Verres gazed into two pairs of wide eyes, and smiled inwardly that two women should take such pleasure in the tale of the ruin of another of their sex.

“To have her trembling like a little bird in a snare. That is the joy of being a Roman man, to know that Roman virtue has woven an invisible cage around such women.”

“What a thought,” Ilithyia said. “Lost to women of our position.”

“Why should it be?” Verres asked. “You promise in marriage to give yourself to no other man but your husband. But a free woman cannot give herself to a slave-a slave is not equipped to take anything.”

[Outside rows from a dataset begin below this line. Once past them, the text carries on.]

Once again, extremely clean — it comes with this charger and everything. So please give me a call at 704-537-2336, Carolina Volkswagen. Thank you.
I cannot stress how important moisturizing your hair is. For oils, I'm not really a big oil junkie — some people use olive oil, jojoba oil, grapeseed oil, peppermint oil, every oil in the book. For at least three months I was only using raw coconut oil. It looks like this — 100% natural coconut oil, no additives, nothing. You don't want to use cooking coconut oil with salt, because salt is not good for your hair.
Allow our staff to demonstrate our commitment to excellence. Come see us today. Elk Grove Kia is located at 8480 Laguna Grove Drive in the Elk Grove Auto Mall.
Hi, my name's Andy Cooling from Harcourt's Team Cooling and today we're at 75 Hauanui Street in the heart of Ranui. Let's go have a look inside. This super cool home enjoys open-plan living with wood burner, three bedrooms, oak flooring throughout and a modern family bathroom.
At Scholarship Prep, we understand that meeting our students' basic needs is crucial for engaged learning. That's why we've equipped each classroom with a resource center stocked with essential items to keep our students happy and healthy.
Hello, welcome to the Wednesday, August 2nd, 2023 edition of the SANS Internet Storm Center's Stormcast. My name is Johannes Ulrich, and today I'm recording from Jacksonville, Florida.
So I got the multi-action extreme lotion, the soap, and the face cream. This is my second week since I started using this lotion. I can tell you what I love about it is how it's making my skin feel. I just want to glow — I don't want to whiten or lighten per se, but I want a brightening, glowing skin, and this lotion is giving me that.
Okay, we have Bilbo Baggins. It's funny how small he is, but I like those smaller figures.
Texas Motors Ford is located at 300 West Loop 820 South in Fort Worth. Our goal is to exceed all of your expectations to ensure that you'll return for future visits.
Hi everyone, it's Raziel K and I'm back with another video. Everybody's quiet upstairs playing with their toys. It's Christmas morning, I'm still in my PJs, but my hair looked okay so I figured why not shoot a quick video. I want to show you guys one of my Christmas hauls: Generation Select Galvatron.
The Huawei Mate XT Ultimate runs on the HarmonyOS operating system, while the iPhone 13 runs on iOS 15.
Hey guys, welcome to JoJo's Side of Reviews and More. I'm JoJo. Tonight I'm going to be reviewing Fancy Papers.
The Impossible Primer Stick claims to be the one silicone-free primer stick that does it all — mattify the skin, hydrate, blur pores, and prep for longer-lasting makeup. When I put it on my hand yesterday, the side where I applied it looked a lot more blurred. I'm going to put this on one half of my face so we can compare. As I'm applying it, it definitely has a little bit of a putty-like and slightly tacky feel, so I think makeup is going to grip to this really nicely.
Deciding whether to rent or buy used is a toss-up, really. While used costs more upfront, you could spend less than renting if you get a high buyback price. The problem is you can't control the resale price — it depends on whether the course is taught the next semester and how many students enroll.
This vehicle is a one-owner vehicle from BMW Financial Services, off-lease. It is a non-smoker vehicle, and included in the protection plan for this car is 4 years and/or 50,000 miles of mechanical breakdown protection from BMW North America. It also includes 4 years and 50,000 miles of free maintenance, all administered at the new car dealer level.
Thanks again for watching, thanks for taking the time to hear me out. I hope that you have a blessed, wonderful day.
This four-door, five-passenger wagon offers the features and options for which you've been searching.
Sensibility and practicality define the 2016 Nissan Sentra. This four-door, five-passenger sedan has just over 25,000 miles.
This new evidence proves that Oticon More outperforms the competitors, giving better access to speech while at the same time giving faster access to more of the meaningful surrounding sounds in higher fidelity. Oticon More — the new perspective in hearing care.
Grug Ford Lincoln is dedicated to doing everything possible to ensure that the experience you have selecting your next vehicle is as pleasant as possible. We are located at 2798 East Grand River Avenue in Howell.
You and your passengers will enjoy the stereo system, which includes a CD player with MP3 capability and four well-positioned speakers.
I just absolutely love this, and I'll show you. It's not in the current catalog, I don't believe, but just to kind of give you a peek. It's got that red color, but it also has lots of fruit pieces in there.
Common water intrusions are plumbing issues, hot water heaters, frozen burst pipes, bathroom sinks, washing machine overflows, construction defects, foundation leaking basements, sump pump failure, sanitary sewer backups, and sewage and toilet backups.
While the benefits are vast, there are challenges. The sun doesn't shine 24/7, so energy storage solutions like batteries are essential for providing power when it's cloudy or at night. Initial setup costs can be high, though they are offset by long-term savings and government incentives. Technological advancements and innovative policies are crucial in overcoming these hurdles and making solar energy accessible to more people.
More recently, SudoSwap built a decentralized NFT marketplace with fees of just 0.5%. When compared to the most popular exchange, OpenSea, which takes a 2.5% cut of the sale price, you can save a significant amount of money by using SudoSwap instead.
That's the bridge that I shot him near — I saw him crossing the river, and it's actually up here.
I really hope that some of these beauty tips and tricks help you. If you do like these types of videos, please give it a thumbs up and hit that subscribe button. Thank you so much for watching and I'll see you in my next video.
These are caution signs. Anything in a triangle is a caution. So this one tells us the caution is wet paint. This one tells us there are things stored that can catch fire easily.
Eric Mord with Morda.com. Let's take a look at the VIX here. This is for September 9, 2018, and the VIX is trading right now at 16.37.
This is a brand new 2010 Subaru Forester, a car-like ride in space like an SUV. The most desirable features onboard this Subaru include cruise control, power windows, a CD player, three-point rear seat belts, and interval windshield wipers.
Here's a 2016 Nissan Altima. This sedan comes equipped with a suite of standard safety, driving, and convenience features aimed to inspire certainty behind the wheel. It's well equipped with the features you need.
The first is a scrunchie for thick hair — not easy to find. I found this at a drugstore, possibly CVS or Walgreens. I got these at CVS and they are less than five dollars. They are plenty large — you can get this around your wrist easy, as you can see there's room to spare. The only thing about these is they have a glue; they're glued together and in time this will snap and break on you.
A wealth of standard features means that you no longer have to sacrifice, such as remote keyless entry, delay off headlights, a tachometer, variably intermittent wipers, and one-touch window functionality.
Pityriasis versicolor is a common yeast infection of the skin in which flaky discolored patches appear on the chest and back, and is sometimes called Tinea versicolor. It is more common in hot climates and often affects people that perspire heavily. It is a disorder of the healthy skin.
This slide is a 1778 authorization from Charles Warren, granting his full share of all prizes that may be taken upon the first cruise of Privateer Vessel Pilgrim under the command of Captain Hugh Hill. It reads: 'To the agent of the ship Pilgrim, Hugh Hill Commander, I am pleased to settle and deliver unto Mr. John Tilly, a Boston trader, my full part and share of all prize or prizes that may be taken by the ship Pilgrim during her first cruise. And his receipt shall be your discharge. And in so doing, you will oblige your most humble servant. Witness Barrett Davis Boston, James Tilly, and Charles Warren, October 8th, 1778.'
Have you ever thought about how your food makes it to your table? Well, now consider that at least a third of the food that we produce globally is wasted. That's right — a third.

“You mean legally…?” Lucretia asked.

“Legally,” Verres confirmed with a smirk. “If a slave were to seize you, his life would be forfeit. But if you seized a slave… what harm would there be?”

Ilithyia seized Lucretia’s arms excitedly, like a little girl with a new dress.

“Did you hear that, Lucretia?”

“I did,” Lucretia said, peeling her friend’s hands away. She took a deep drink of her wine and said no more.

“I am sure you do not begrudge your husbands the occasional… need, absent the delights of your good selves. Surely they should not begrudge you, either? What matters it to them if you feel a slave’s tongue between your legs every now and then?”

Verres flicked his own tongue over his teeth suggestively. Ilithyia slapped him playfully, hooting with excitement. Her face was flushed and her breathing quick.

He stood up as if to leave, only for Ilithyia to jump up and snatch hungrily at his sleeve.

“Do not leave us on the edge!” she cried. “Tell us more.”

“I cannot share all my secrets with you, lady,” he said in mock affront. “It would be like sharing the Eleusinian Mysteries or gazing upon the Sibylline Books. Such matters are secrets for a reason.”

“We promise not to tell,” Ilithyia said.

Verres glanced about him, as if checking for eavesdropping enemies.

“Be seated,” he said, patting the cushion beside him, “and I shall tell you of the delights of the free. Not of slaves merely used, but of loves freely given.”

Ilithyia sat, gracefully, a respectful distance from him.

“You too, lady Lucretia,” Verres said.

“There is not room enough,” Lucretia protested from her couch. “I can attend perfectly well from here-”

“Lucretia, imagine we are at the races and there is but one seat beside me,” he insisted. “Though we might accidentally touch! You might tread on my foot. I might…”

Verres suddenly reached out and picked a speck of fluff from Lucretia’s gown, his wrist brushing lightly against the top of her breast.

Lucretia gently slapped his hand away.